Par Pierre Cheminade  |   |  596  mots
L'hémicycle de l'Assemblée nationale, ce jeudi 31 janvier 2019, lors du rejet de la proposition de loi sur l'expérimentation d'un revenu de base. (Crédits : Capture écran Assemblée nationale)
L'Assemblée nationale a rejeté, avant même d'en débattre, la proposition de loi socialiste proposant l'expérimentation d'un revenu de base pendant trois ans dans des territoires volontaires. C'est un revers pour cette démarche dont Jean-Luc Gleyze, le président du conseil départemental de Gironde, est l'un des plus fervents soutiens.

Comme en commission des affaires sociales la semaine précédente, les députés ont décidé, ce jeudi 31 janvier, de rejeter en séance publique la proposition de loi d'expérimentation territoriale visant à instaurer un revenu de base. Mais cette fois, avant même que le texte ne soit discuté dans l'hémicycle de l'Assemblée nationale, les députés ont adopté une motion de rejet préalable, par 64 voix contre 49, déposée par le groupe majoritaire LREM. Résultat, ni le texte, ni les amendements n'ont été examinés au-delà de la discussion générale.

Cette proposition de loi, déposée par des députés socialistes et soutenue par 18 présidents de départements, dont le Girondin Jean-Luc Gleyze, proposait l'expérimentation dans les territoires qui le souhaitent d'un revenu de base. Deux modèles étaient prévus : l'un fusionnant le RSA et la prime d'activité ; l'autre fusionnant RSA, prime d'activité et aides au logement.

Désaccords sur le fond et sur la forme

Présente dans l'hémicycle, Christelle Dubos, la secrétaire d'Etat auprès d'Agnès Buzyn, la ministre des Solidarités, a déclaré vouloir "donner un souffle nouveau au système de solidarité" et a qualifié la réflexion initiée par les auteurs du texte "d'éminemment juste et légitime". Cependant, elle a renvoyé le débat sur ces questions à l'an prochain : "Je défends le projet du gouvernement d'unifier une partie des prestations sociales au sein d'un revenu universel d'activité fusionnant le plus grand nombre possible de prestations sous conditions de ressources dans le cadre d'un texte qui sera voté en 2020. Je porterai politiquement ce projet."

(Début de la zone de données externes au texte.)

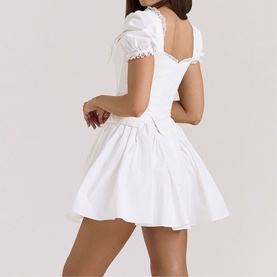 Lili Detachable Corset Mini Dress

Sur le fond, deux désaccords persistent entre les soutiens de l'expérimentation du revenu de base et la majorité gouvernementale. Les socialistes préconisent d'ouvrir ce dispositif aux jeunes de moins de 25 ans qui ne bénéficient pas actuellement du RSA et de l'attribuer de manière inconditionnelle, c'est-à-dire avec un plafond de ressources mais sans contrepartie en termes de recherche d'emploi, d'acceptation d'une offre d'emplois ou d'activité. A l'inverse, la secrétaire d'Etat considère : "l'allocation serait octroyée sous conditions de ressources. La prestation ne va pas sans l'accompagnement vers l'emploi et l'activité et un engagement de l'allocataire à le faire."

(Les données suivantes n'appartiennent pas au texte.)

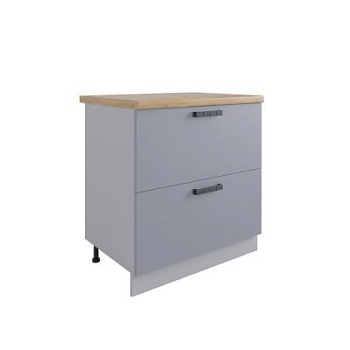 Стол Ройс Серый эмалит СК2 800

"Une posture irrespectueuse"

De son côté, Jean-Luc Gleyze, qui avait fait le déplacement à Paris pour suivre les débats, dénonce "une posture de la majorité irrespectueuse vis-à-vis des Français et d'une démarche qui méritait un peu plus de considération et un débat au sein de la représentation nationale." Et si le sort de la proposition de loi est désormais scellé, l'élu girondin entend bien se faire entendre lors de la concertation lancée par le gouvernement sur le futur revenu universel d'activité. Et en réponse à la députée Monique Iborra (LREM, Haute-Garonne) qui regrettait un texte présenté dans "la précipitation", le rapporteur Hervé Solignac (PS, Ardèche) a rappelé qu'il était "le fruit de trois ans de travail, pas seulement d'élus mais aussi et surtout de chercheurs, d'économistes et d'universitaires."

Quoi qu'il en soit, ce revers sans débat à l'Assemblée nationale marque un coup d'arrêt pour cette démarche en faveur de l'expérimentation. En plein "Grand débat national", c'est aussi un signe clair envoyé par l'exécutif quant à son ouverture et quant aux marges de manœuvre et d'expérimentation qu'il entend laisser aux collectivités locales.